To estimate the values of person ability and item difficulty values for CAT simulations, a group of 709 students participated in a non-adaptive paper-pencil test, with 175 of them having disabilities. These students were from both regular and special schools in Germany. The majority of the students with disabilities were enrolled in segregated special schools catering to various types of disabilities, including learning, speech and communication, and social and emotional development needs. The students in these schools typically have an IQ ranging from 70 to the normal range, often coming from backgrounds marked by poverty or migration.
The study included students with disabilities, with 71% having learning disabilities, 14% with speech and language impairments, and 15% with social and emotional needs. On average, students with disabilities were 10.99 years old (SD = 0.81, Min=9.43, Max=13.01), whereas students without disabilities were on average 9.76 years old (SD = 0.55, Min=8.43, Max=12.10). 45.7% of the students were female.
Item pool 2 is generated by multiplying the original 36 items to expand the item pool to 216 (36 × 6) items. This approach ensures that the distribution of the original item pool remains unaltered while effectively increasing the size of the item pool, as 36 items are considered small in the context of CAT (Kingsbury & Weiss, 1984). Item pool 3 is generated following a normal distribution using the R package catR, comprising 200 items. This allows for a performance comparison of the workflow on an item pool without an abundance of easier items. The distribution of item difficulty for item pools 1, 2, and 3 is shown in Figure 1. Item difficulty distribution of item pool 1 (left, 36 items of fixed-item test), 2 (middle, 216 multiplied items of fixed-item test) and 3 (right, 200 normal distributed items). Negative logit values indicate easier items while positive logit values indicate harder items.

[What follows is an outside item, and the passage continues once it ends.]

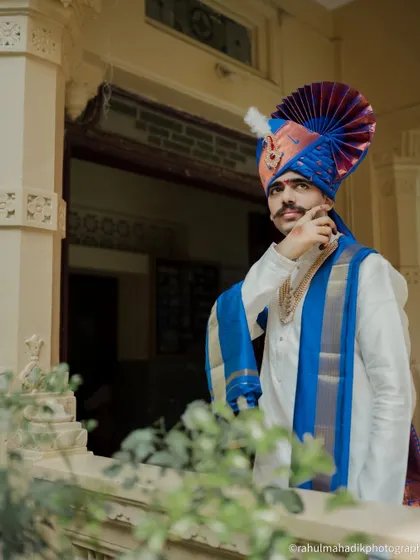 A handsome portrait of the groom looking out from a balcony, framed by greenery.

To assess the performance of the CATs, distinct simulations were carried out for students with and without disabilities. The test was particularly designed for students with lower reading skills, leading to ceiling effects during the estimating of these students’ abilities. To account for this ceiling effect and ensure precise simulations, two separate samples of 1000 students each, one comprising students with and the other without, were generated based on the M and SD of the ability of the respective sample groups (students with disabilities: M=1.69, SD=1.56; students without disabilities: M=2.19, SD=1.51). Figure 2 offers an overview of the workflow implemented for each item pool. Workflow of CAT Simulations: Person abilities and item difficulties are estimated based on the test results within an IRT model, person abilities are splitted and generated for students with and without SEN, before serving as input for the simulation studies of study 1.
Study 2 Data and Workflow
In Study 2, only item pool 2, comprising 216 items, was used. For this study, we did not use the student sample from Study 1; instead, we generated three sets of person ability values (n = 1000) with distinct ability ranges to simulate low-performing students. Group 1 was characterized by normally distributed person abilities, with an M of 0 and an SD of 1. Group 2 had equally distributed person abilities spanning one SD below the mean, with an M of −1 and an SD of 1. Group 3 featured equally distributed person abilities spanning two SDs below the mean, with an M of −2 and an SD of 1. For each group, a fixed-length CAT was simulated, employing a stopping rule of SE = 0.5 and a maximum test length of 36 items. The performance and length of the CATs were compared across the three groups to assess measurement accuracy and test length.
Results
Study 1
Results of Simulations With Three Different Item Pools Comparing Different Stopping Rules.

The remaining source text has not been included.